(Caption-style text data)

=== Section Start ===

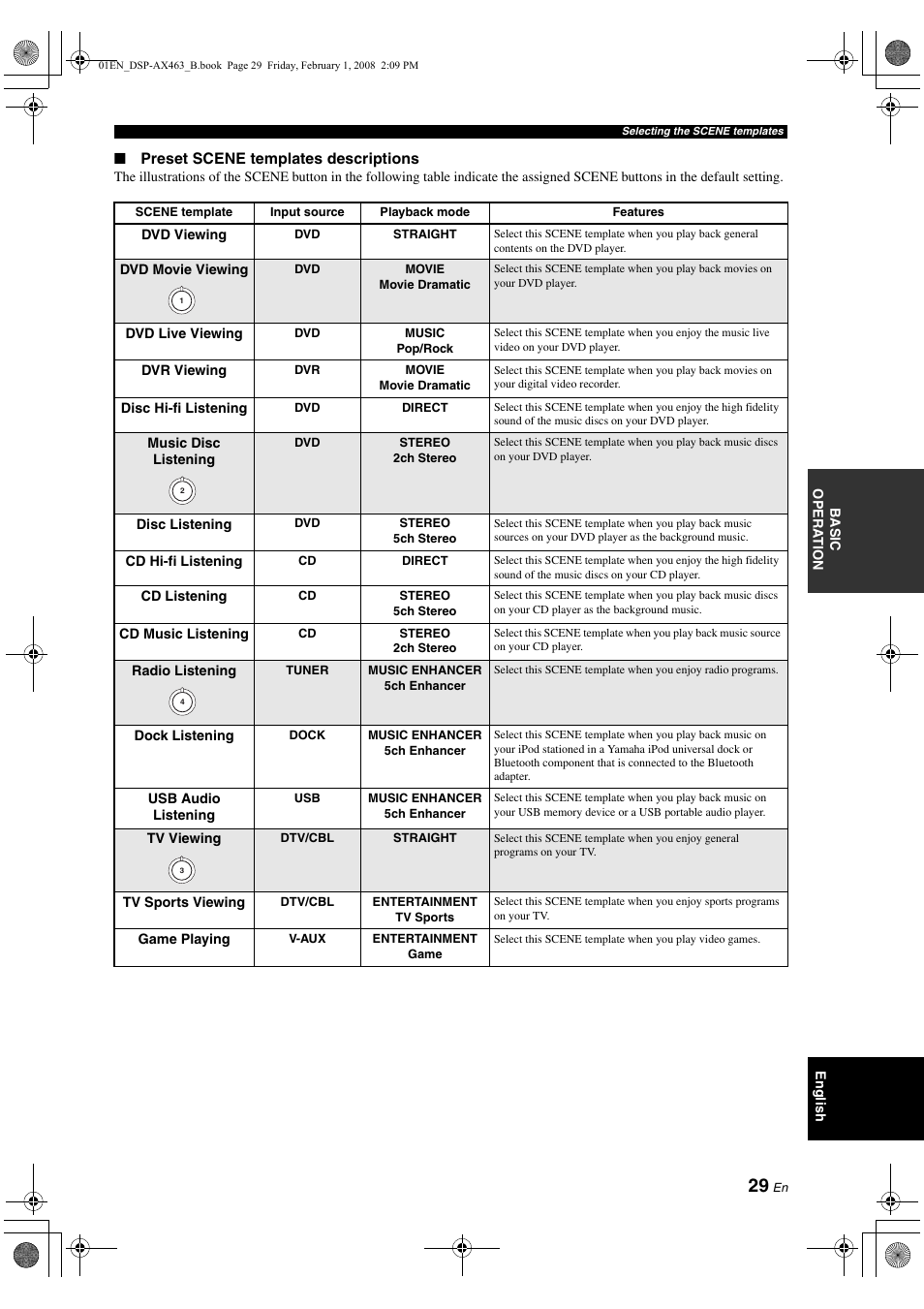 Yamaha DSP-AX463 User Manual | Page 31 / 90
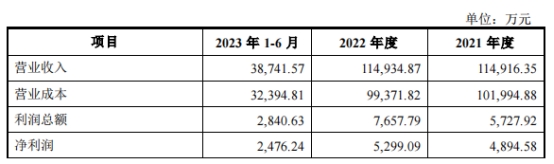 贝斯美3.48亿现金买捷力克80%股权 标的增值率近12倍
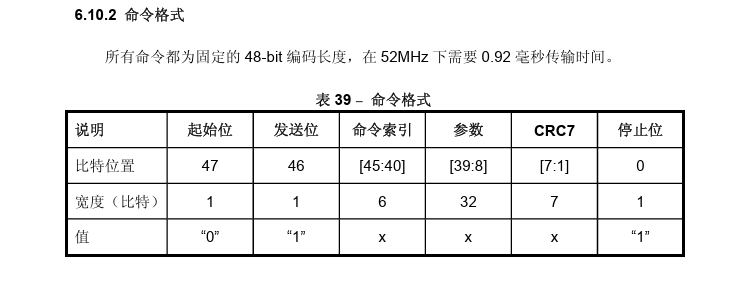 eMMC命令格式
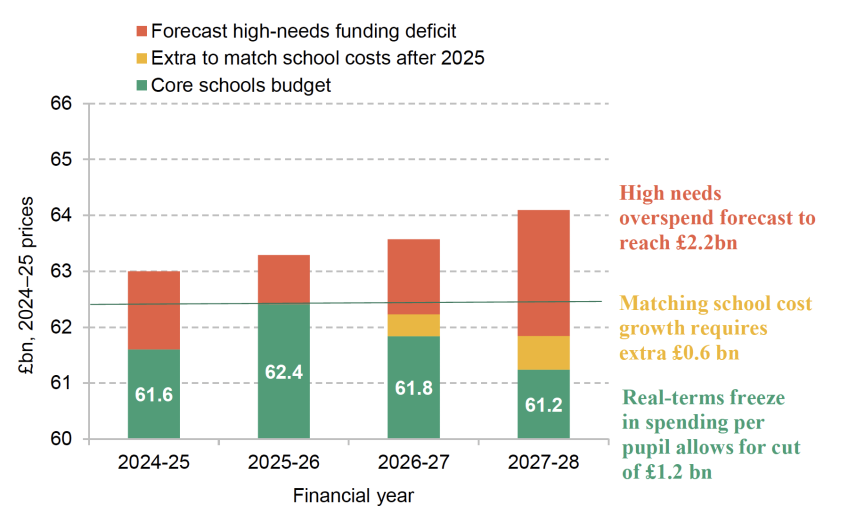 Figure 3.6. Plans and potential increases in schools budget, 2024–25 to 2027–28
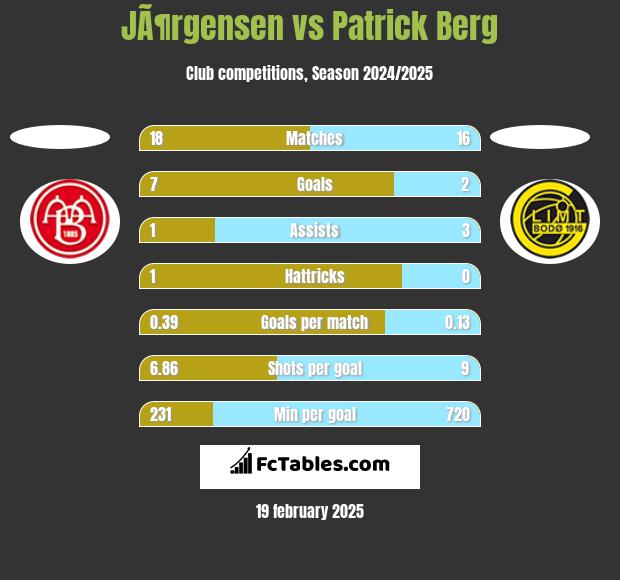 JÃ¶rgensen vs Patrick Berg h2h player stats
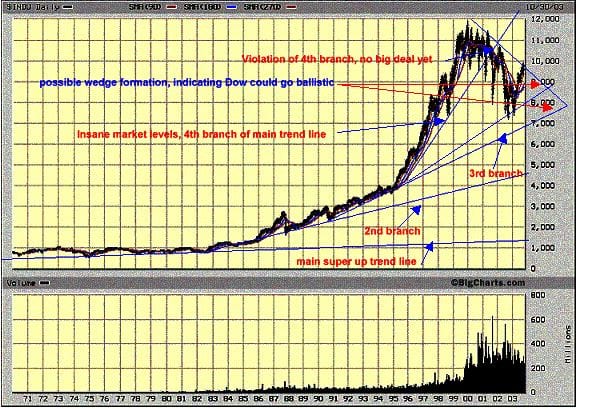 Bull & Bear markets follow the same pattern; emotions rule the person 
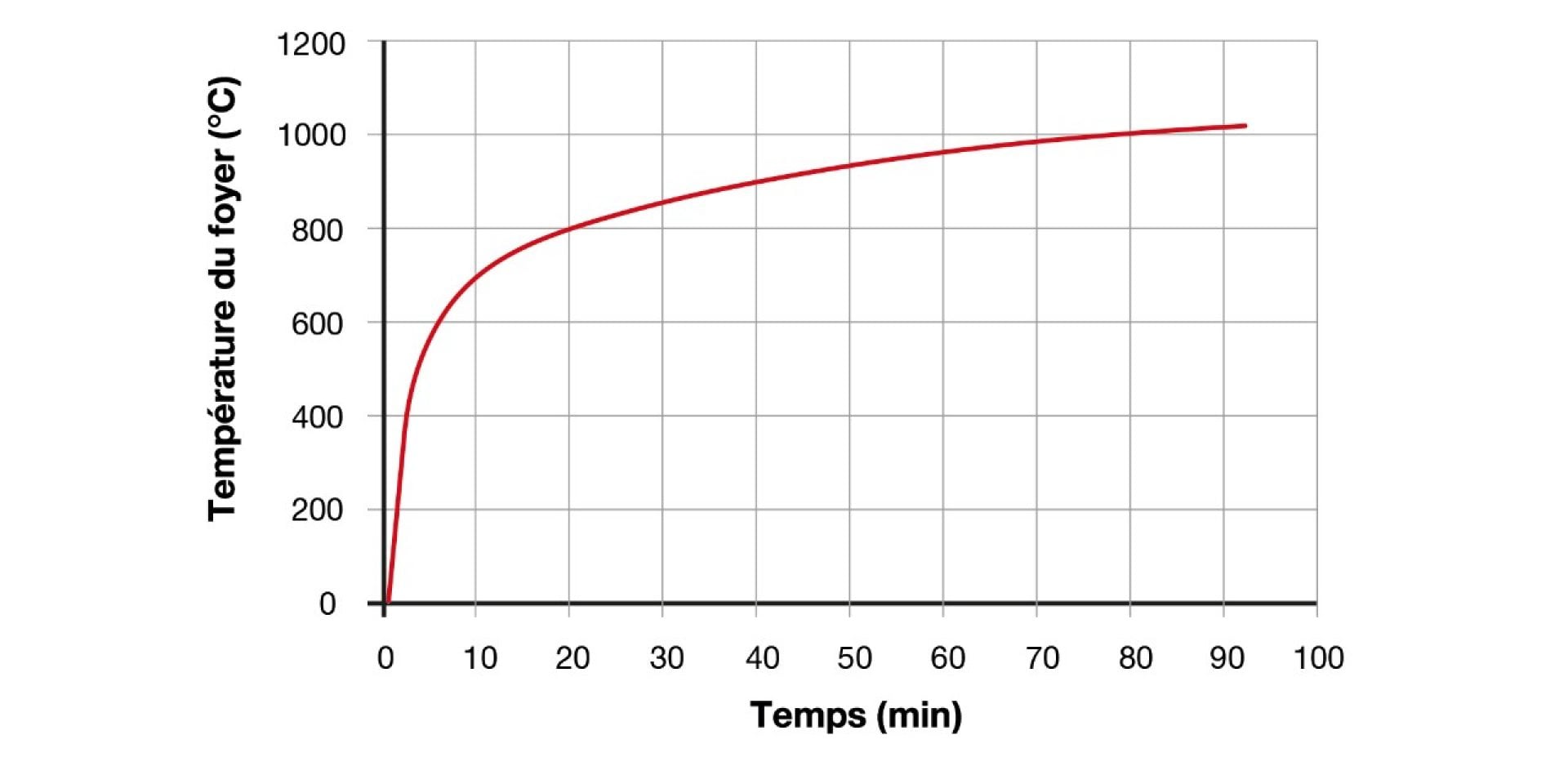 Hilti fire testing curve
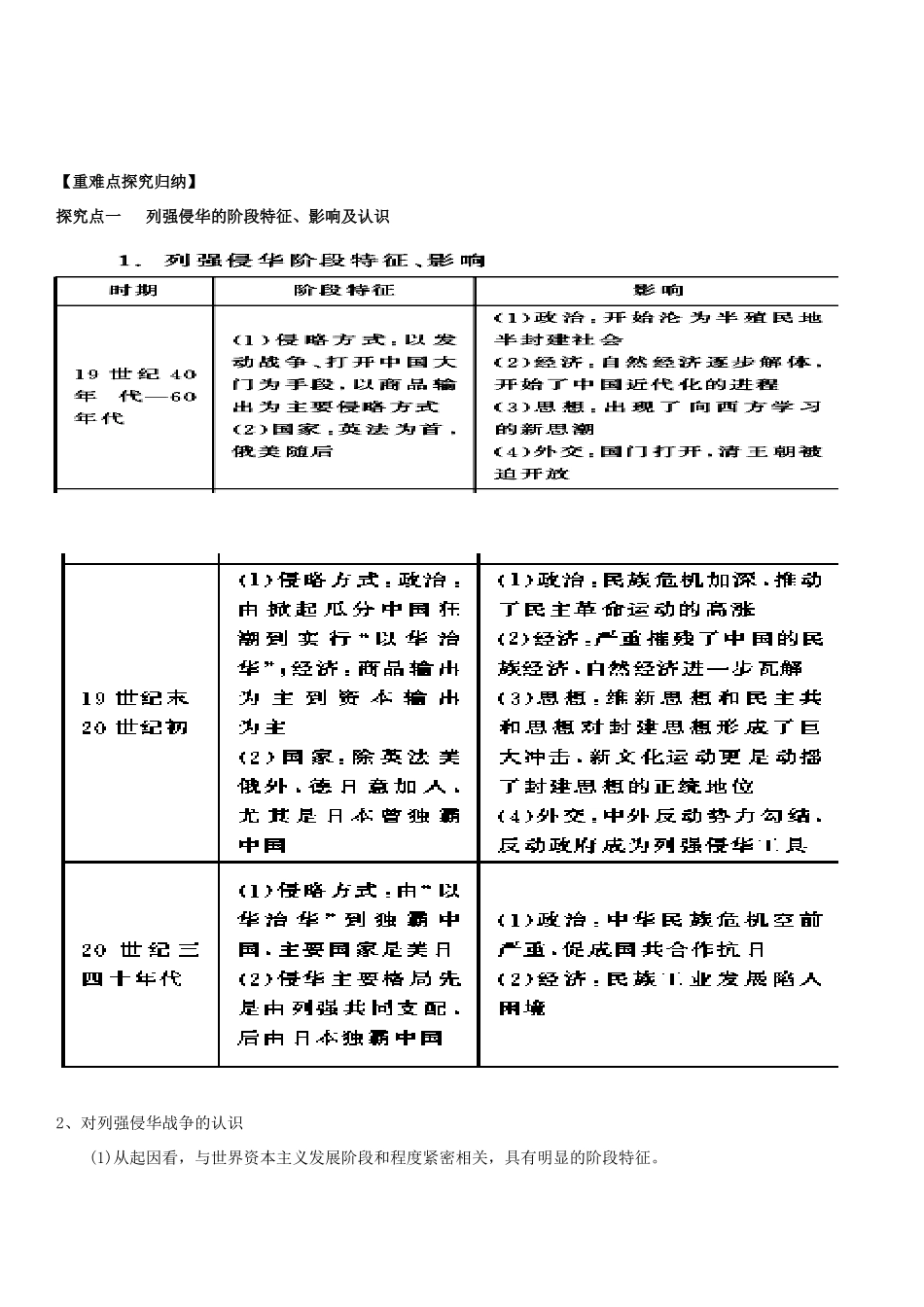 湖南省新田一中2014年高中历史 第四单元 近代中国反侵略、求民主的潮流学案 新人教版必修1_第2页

=== Section End ===

## ABOUT THIS EXERCISE
Only the lines from the one containing "Hilti fire testing curve" through the last line of the entries above should be copied, exactly as they are and without the pictures.

## SOLUTION TO THE EXERCISE
 Hilti fire testing curve
 湖南省新田一中2014年高中历史 第四单元 近代中国反侵略、求民主的潮流学案 新人教版必修1_第2页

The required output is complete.